How to survive your college admissions interview

How to survive your college admissions interview

Overcoming social anxiety is usually no overnight task. In fact, some never seem to overcome it. But there may be ways to reduce it or at least manage it. It may not work for everyone, but if you're going into an admissions interview for a college you should take all the advice you can get to not let anxiety ruin your chances of a successful interview.
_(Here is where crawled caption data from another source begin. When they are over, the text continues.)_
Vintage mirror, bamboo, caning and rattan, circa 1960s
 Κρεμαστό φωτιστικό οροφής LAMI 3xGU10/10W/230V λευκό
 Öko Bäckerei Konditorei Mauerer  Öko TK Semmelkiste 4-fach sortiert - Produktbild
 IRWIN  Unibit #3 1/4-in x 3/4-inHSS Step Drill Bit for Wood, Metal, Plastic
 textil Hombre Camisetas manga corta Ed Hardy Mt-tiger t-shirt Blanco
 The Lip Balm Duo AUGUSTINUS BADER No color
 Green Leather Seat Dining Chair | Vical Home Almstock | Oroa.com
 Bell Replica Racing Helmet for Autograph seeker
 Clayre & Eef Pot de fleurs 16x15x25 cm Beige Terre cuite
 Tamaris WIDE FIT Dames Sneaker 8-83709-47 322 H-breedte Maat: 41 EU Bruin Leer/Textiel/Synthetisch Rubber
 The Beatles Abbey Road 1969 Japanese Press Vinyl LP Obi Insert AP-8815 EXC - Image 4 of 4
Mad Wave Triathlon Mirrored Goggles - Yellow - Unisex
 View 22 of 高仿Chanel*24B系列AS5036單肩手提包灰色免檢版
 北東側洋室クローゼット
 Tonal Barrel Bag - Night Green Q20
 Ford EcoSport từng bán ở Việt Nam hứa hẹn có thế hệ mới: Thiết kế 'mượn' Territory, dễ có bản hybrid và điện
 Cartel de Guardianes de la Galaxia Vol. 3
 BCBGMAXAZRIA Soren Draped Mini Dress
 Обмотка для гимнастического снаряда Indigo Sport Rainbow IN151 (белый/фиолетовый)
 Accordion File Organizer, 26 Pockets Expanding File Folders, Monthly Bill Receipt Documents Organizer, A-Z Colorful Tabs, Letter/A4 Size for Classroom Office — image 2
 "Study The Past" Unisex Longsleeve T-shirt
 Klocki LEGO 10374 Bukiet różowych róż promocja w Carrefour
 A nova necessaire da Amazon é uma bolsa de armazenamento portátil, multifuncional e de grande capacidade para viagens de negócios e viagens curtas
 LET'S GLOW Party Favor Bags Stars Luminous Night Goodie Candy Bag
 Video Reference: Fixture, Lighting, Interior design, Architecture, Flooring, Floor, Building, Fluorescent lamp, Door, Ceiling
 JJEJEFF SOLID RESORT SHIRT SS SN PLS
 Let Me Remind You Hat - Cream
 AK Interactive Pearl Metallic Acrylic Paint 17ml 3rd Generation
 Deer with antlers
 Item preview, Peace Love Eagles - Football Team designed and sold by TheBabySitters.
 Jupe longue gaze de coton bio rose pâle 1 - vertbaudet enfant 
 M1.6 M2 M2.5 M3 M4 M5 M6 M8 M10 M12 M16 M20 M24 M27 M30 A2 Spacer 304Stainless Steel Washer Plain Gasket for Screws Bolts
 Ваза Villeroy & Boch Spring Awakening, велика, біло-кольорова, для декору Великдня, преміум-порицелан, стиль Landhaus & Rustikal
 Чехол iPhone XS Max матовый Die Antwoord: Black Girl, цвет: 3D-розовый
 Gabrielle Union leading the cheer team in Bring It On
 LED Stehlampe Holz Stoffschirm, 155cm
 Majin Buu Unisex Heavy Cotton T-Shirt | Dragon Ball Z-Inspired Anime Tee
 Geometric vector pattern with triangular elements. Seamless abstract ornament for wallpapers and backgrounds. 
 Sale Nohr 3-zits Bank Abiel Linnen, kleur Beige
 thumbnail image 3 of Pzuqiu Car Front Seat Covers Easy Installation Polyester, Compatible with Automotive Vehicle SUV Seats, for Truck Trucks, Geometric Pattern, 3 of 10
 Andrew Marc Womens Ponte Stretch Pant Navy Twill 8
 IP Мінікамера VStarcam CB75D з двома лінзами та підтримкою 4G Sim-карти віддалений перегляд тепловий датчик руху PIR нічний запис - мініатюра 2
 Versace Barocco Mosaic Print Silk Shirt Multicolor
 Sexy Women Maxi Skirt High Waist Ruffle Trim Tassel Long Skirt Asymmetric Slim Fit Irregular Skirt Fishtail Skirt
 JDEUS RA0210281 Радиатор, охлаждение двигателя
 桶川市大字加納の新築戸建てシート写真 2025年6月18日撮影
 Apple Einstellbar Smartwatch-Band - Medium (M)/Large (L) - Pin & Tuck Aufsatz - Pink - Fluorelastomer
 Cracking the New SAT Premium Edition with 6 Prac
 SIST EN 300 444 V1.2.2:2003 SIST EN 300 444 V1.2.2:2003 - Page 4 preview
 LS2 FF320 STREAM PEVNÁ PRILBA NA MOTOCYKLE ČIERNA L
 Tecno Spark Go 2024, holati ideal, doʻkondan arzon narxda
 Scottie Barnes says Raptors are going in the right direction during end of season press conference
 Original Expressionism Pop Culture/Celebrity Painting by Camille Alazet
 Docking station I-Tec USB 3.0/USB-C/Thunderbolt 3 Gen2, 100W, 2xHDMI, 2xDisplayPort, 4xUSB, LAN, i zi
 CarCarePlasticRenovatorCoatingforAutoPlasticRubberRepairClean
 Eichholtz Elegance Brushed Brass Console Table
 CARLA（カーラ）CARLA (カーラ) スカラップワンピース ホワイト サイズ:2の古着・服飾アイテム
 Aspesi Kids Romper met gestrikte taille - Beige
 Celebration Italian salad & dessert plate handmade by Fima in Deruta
Below are three tips for rocking an admissions interview while nervous or socially anxious.

1. Think true thoughts

According to popular author and coach Bill Cole in the e-book "Interview Success Guide," the first step to overcoming interview stress is to think true thoughts. This may demystify the interview, making it simpler to manage.

Try reflecting on one or more of the following statements, suggests Cole:

  • Interview stress is totally normal.
  • Interview stress strikes the majority of people, even experienced speakers.
  • You may never completely conquer interview stress, but you may be able to manage it.
  • The more mind tools or techniques you have to beat interview stress, the better you'll likely interview.
  • People interview fine all the time, despite suffering from interview stress during the interview itself.
  • Beating interview stress is not about being perfect or fear-free. It's about adjusting and managing your anxiety and using it as an energizer during your interview.
Don't be tricked into thinking that you're the only student nervous about the admissions interview. Many are. Realizing that may help you do better.

2. Plan, prepare and practice

It's important to eliminate as many things as possible that may worry you, according to an article by Jacquelyn Smith titled "14 Tips For Staying Calm In A Job Interview." These tips can also be applied to admissions interviews. Some ways to do this, according to Smith, are:

  • Prepare for the interview by researching the school ahead of time and writing down questions for the interviewer. This should hopefully give you more confidence during the interview.
  • Do the following well ahead of time: map out your travel route, print out all necessary documents, pick out your outfit, etc.
  • Rehearse. Answer possible questions in front of a friend or the mirror. Don't necessarily remember specific lines, but have a general answer for as many questions as you can imagine them asking. As the article points out: Practice may not make perfect but practice makes prepared.
  • Arrive early. If you must, sit in your car and prepare more for the interview there. At least you're there, not worrying about traffic or going into the interview feeling rushed.
Also, Google search to see if there have been any forum discussions or blog posts about this particular school's admission interview process. Maybe your desired school has a college admissions blog that could offer some interview insight.

3. Observe and just do it

One way to dial down anxiety and feel less awkward and anxious in social situations is through observational learning, according to clinical psychologist Dr. Bill Knaus.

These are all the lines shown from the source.